David Wildstein, 55, a former Port Authority of New York and New Jersey official, pleaded guilty in May 2015
to one count of conspiracy to commit fraud on federally funded property and one civil rights violation in connection with what became known as Bridgegate -- the shutting down of lanes on the approach to the George Washington Bridge two years earlier for political revenge.
Prosecutors had recommended no prison time for Wildstein because of his cooperation in the case. He had faced up to 27 months in prison. He also was ordered to pay $14,314 in restitution and $10,000 in fines.
"But for Mr. Wildstein's cooperation this criminal conspiracy never would have been exposed, and the individuals responsible never would have been brought to justice," William Fitzpatrick, acting US attorney for the District of New Jersey, told reporters.
Asked whether prosecutors believed Christie knew about the lane closures as they were happening, Fitzpatrick said, "We believe that everybody who we could build a case against and present a case against was charged and was convicted."
In a statement, Christie spokesman Brian Murray said Wildstein "devised this outrageous scheme all by himself, coerced others to participate in it and then turned himself in to avoid imprisonment for the crimes he has admitted to committing."
"That culture at the Port Authority was created by the perpetrator of this conduct -- Mr.
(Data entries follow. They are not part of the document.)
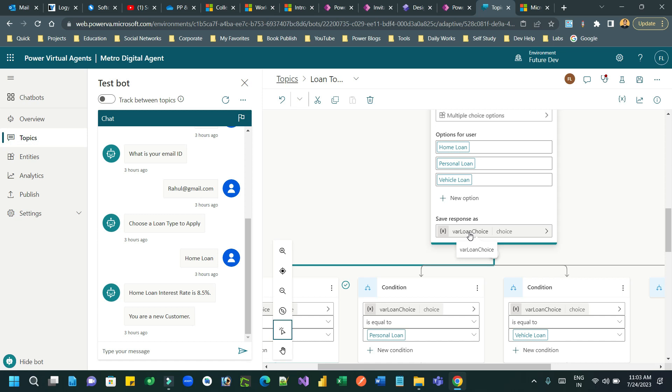But whenever you pass this information to Power Automate from Power Virtual Agent, it will show an error. Because choice data type input parameter is not available in Power Automate.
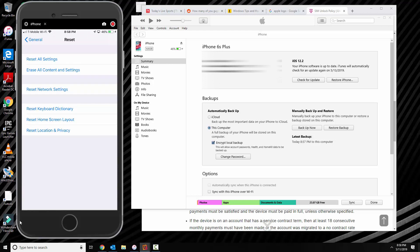Okay, what you want to click, you want to click on where it says erase all content and settings.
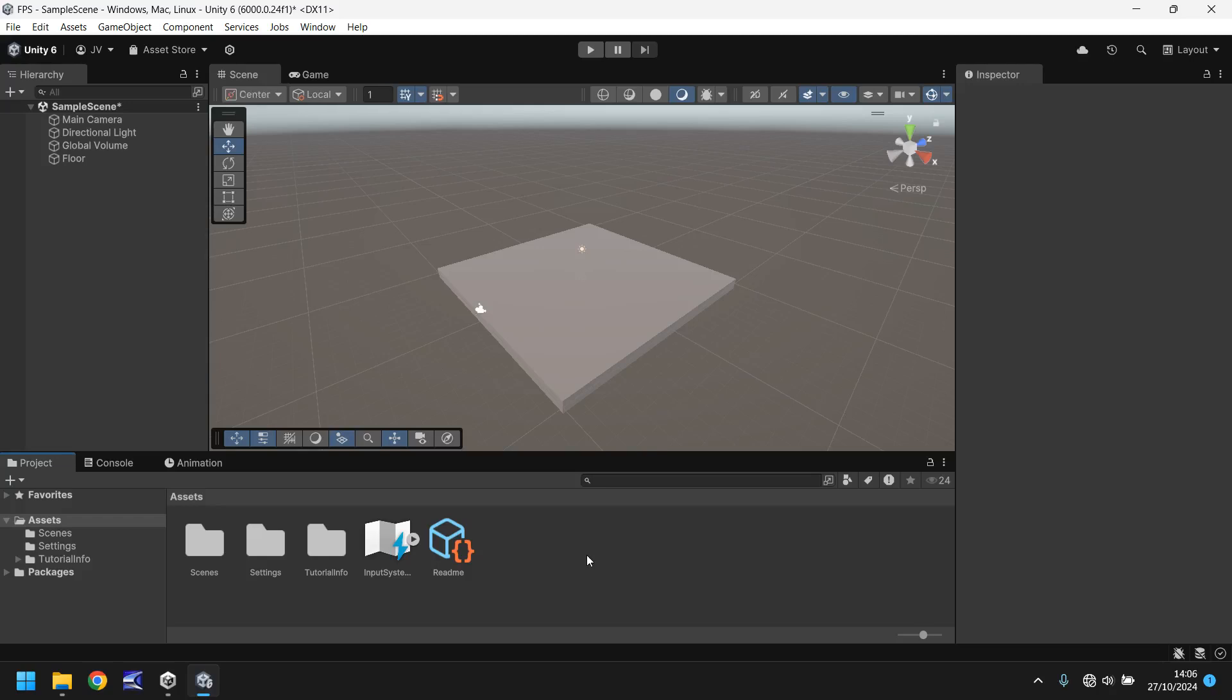Hello there, I'm Jimmy Vegas and welcome to the second video in a series of game development tutorials on how to make your own first person shooter game in Unity.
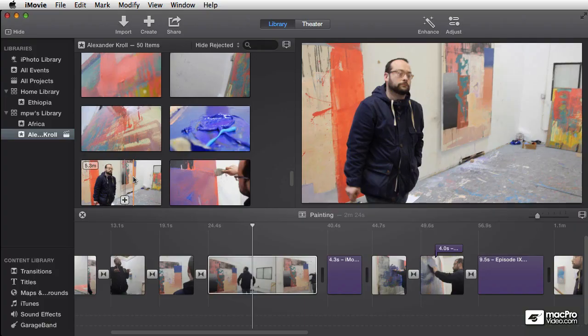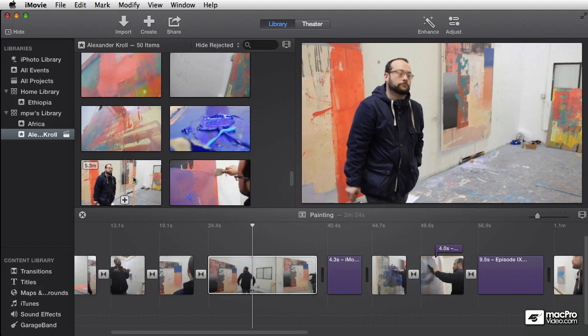Welcome back to the iMovie 10 training. I'm Michael Wohl. And this is the last in this series of courses. This one is picking up where the others left off. So I do recommend taking these in order the way I intended them.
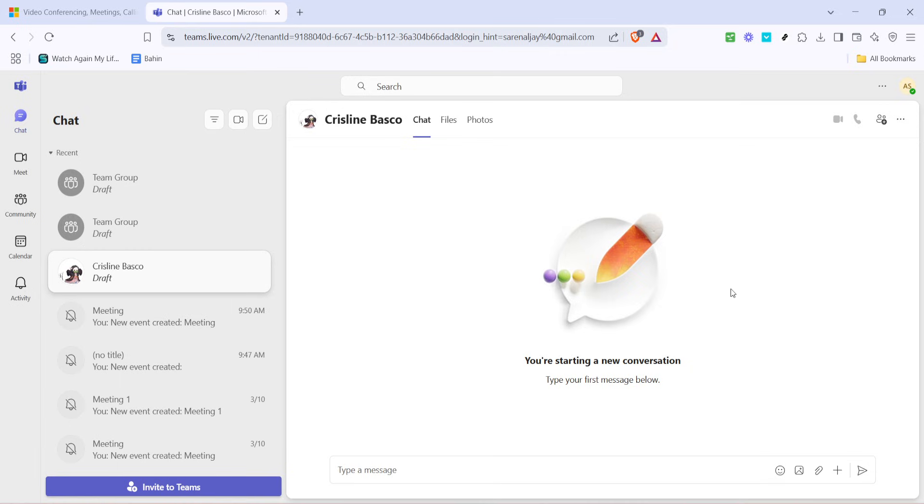If you're calling a colleague within the same organization, you can often find their contact by typing their name into the search bar located above the dial pad. The interface is user-friendly, allowing you to either use your mouse to click the numbers or your keyboard to enter them.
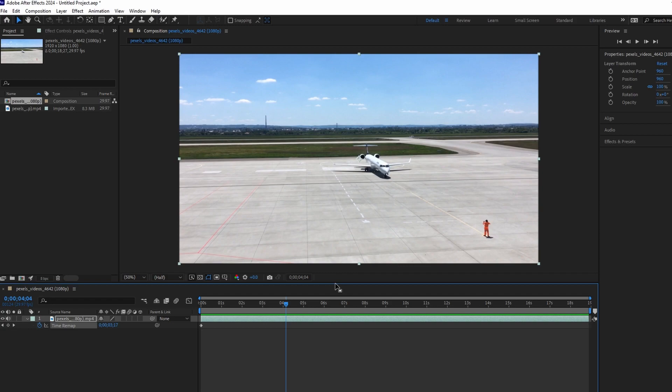Hey guys, in today's video we will show you how to render in Adobe After Effects. Ensure that the in and out points on your timeline are set to the desired start and end of your render.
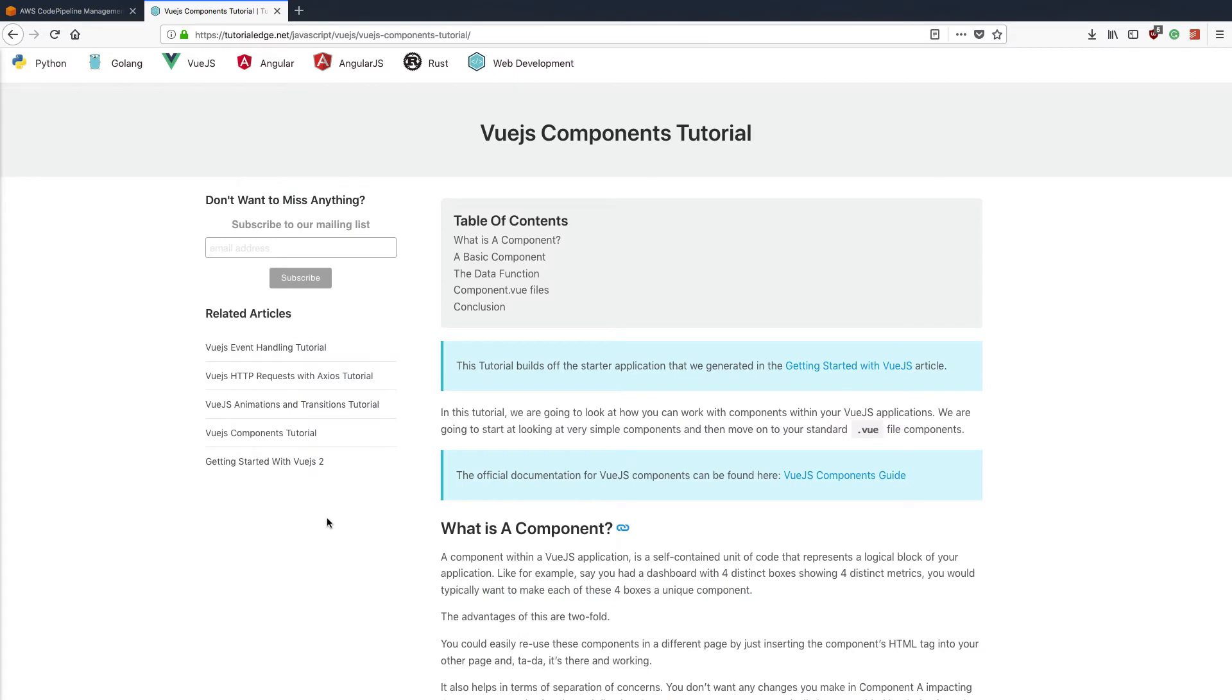Hi everyone, it's Elliot from tutorialedge.net and in this tutorial we're going to be looking at how you can work with components within your Vue.js applications. As always, the full text version of this tutorial can be found on my website and I'll leave a link to this in the description below.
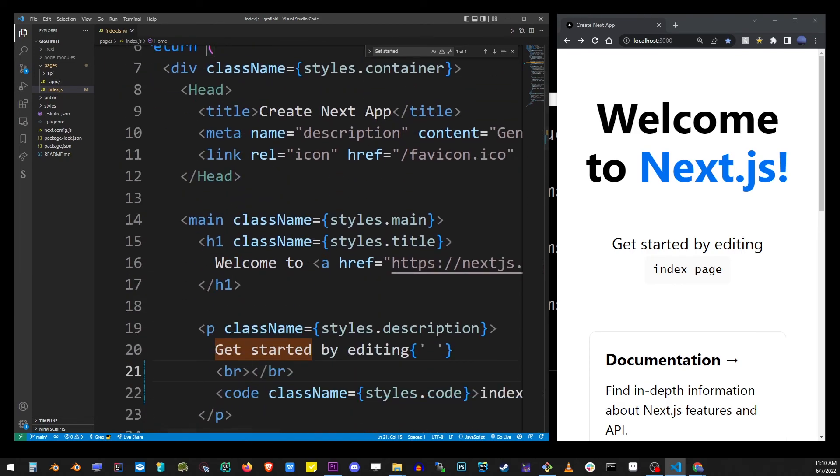And that's pretty much it guys. In my next Next.js tutorials, we're going to take a look at how to actually build Next.js apps.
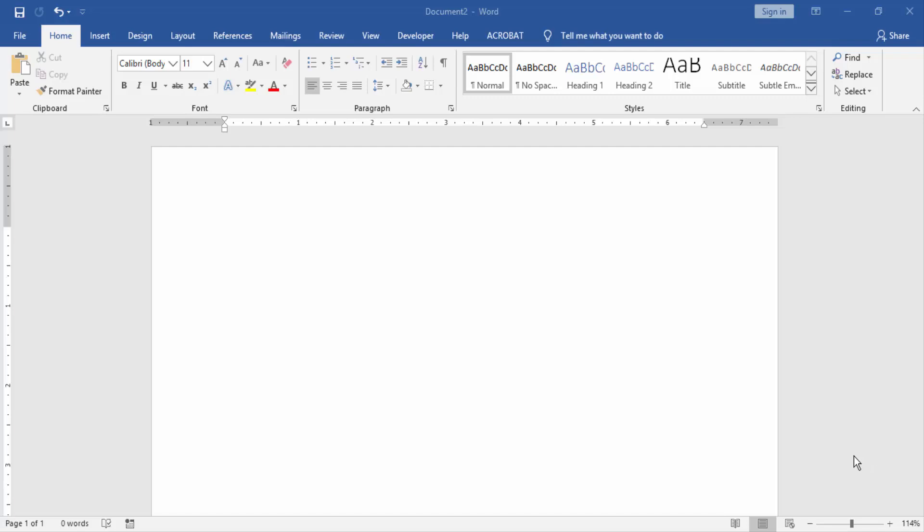Assalamualaikum, hello friends, how are you? Welcome back to another video. In this video tutorial, I am going to show you how to make two columns with borders in Microsoft Word. Let's get started. First, we have to open a Word document. Then go to the Insert menu and click Shape option.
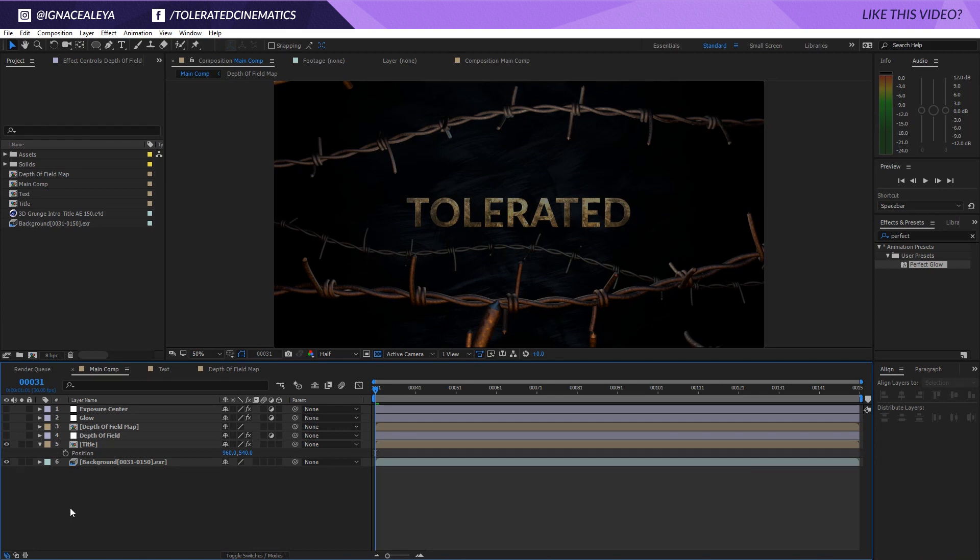How to get some really nice adaptive depth of field in After Effects. Depth of field is really nice to create some depth in your scene obviously, but it's something that I really use a lot and I enjoy using depth of field as it gives your scene a nice cinematic feel.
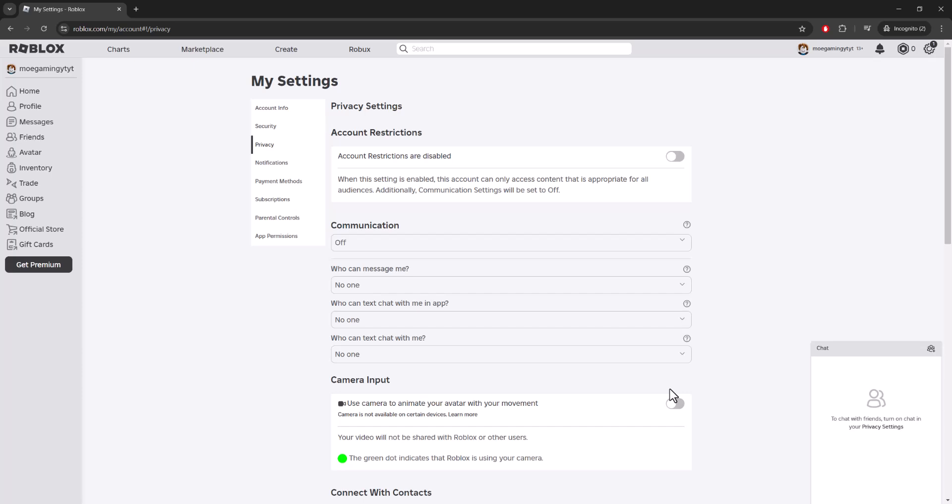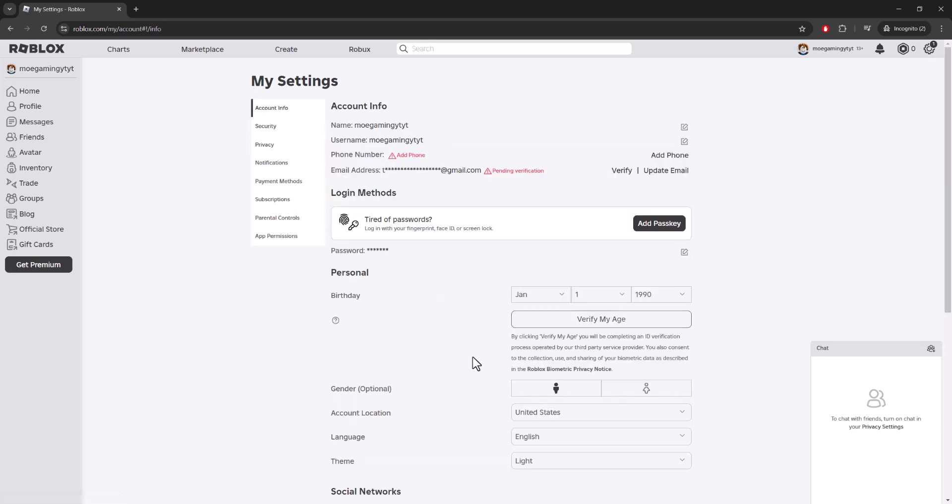If you don't even see the option, like you don't see it from me, the reason for that is because you do not have your age verified. The way you verify your age is you can verify your phone number and email address. As you can see, both of mine aren't verified. Basically, add them in here and have them verified.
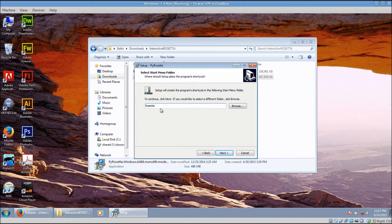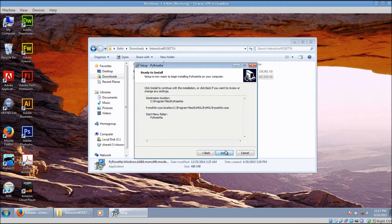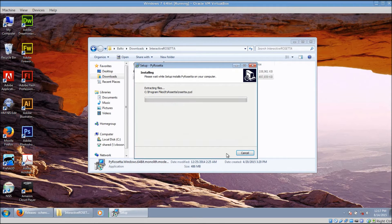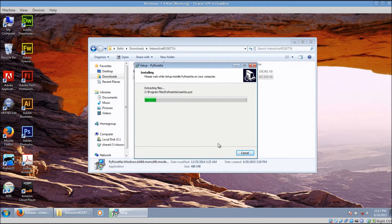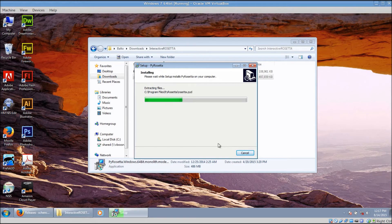I like to rename the folder in the Start menu to PyRosetta instead of Rosetta, but you do not need to change that if you do not want to. It takes a minute or so to install.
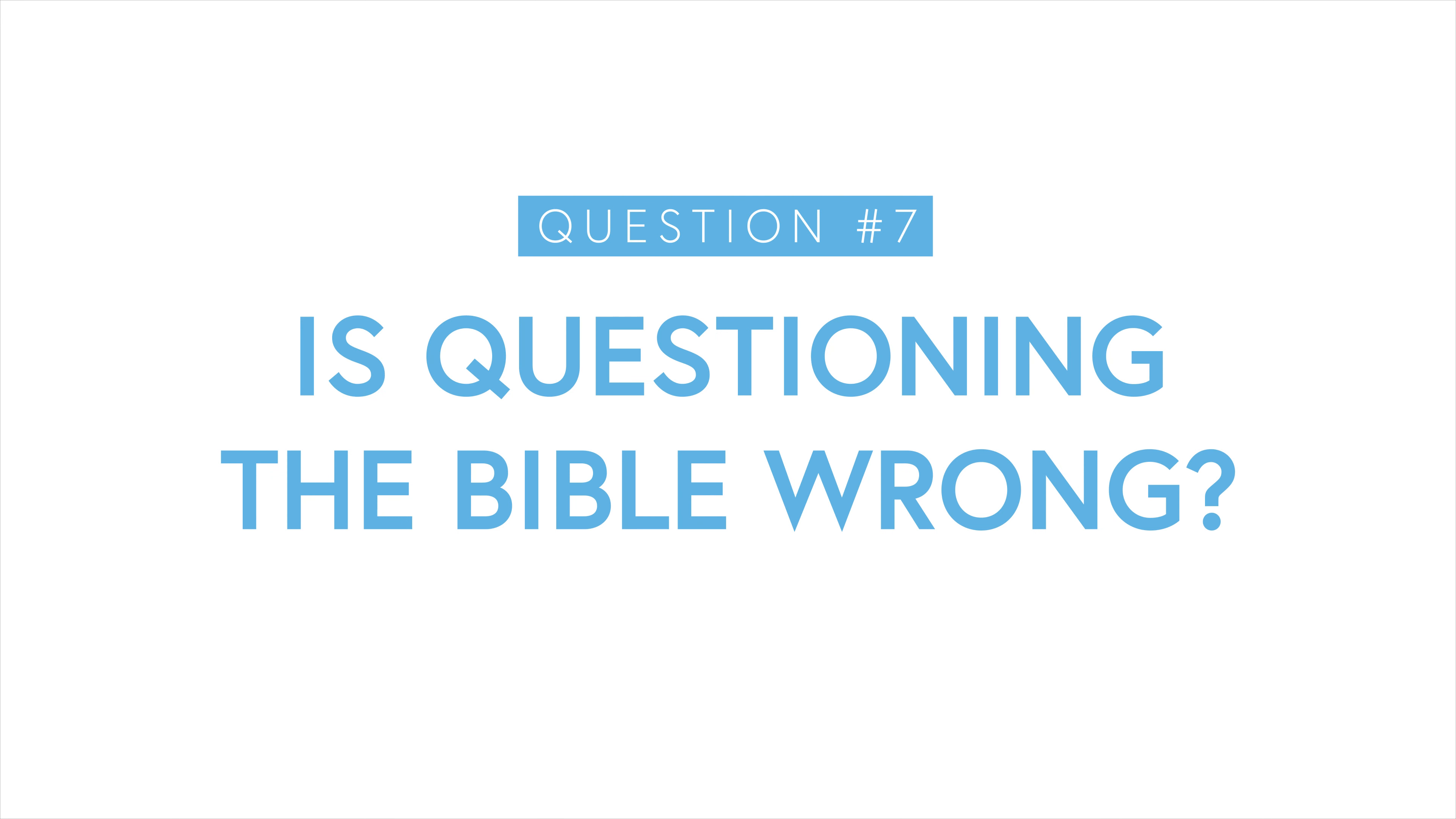But we're also told that God's word is perfect and without error, so what do we do in a situation like this? Do we just close our eyes and ignore the questions and move on? No, we don't want to do that.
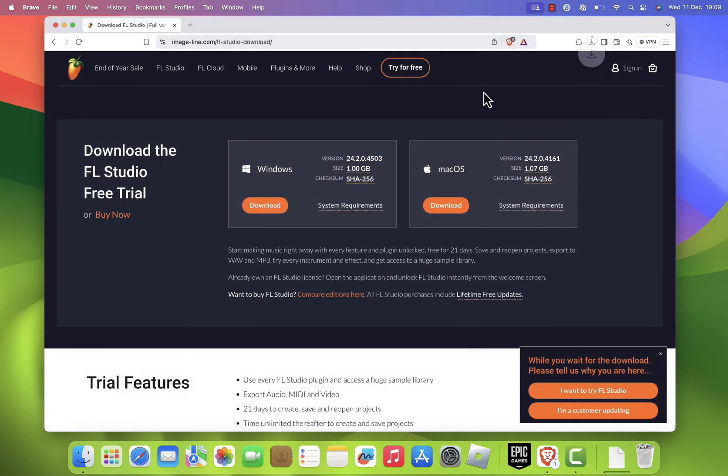The download may take a few minutes depending on your internet speed, as the installer is a large file.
Wildstein," the statement said. "He is a liar who admitted throughout his testimony that he fabricated evidence of a relationship with the Governor that never existed to enhance people's perception of his power."
Wildstein's attorney did not immediately respond to a request for comment.
In March, Bill Baroni, 45, former deputy executive director of the Port Authority, was sentenced to 24 months in prison, and Bridget Anne Kelly, 44, former deputy chief of staff in Christie's office, was sentenced to 18 months in prison for their roles in a scandal
that a judge called "another unfortunate chapter in the history of New Jersey."
The former officials also received a year of supervised release, 500 hours of community service and fines
In a case that stained Christie's tenure as governor, Wildstein admitted in his plea to using a "traffic study" as a cover for the lane closures and choosing the first day of school to maximize the impact.
Wildstein, former director of interstate capital projects at the Port Authority, also admitted to purposefully not alerting Fort Lee Mayor Mark Sokolich or the town's police chief, and admitted to keeping "radio silence" intentionally with local officials on the issue.
Wildstein and his collaborators ignored questions from Fort Lee officials during the closure, according to the federal indictment of Kelly and Baroni.
In his plea, Wildstein implicated Kelly and Baroni in the scheme, saying they conspired together to punish the Fort Lee mayor.
The abrupt closure of local traffic lanes occurred on the approach to one of the world's busiest bridges -- which connects Manhattan with Fort Lee, New Jersey -- for four days in September 2013. The lane closures caused severe traffic delays that endangered citizens and posed a public safety risk, court documents state.
Emails and text messages released in January 2014 formed the basis of the criminal charges. In one email, Kelly told Wildstein, "Time for some traffic problems in Fort Lee."
Christie was not charged with a crime in relation to Bridgegate. After Baroni and Kelly were convicted, the governor released a statement saying he was "saddened" by the case and repeated once again that he had no knowledge of the plot to close the lanes. But the damage had been done to one of the most popular governorships in America and later to Christie's fledgling 2016 presidential campaign.
In all, four Christie-associated political figures have been convicted of criminal charges in relation to the Bridgegate investigation: Baroni, Kelly, Wildstein and former Port Authority Chairman David Samson.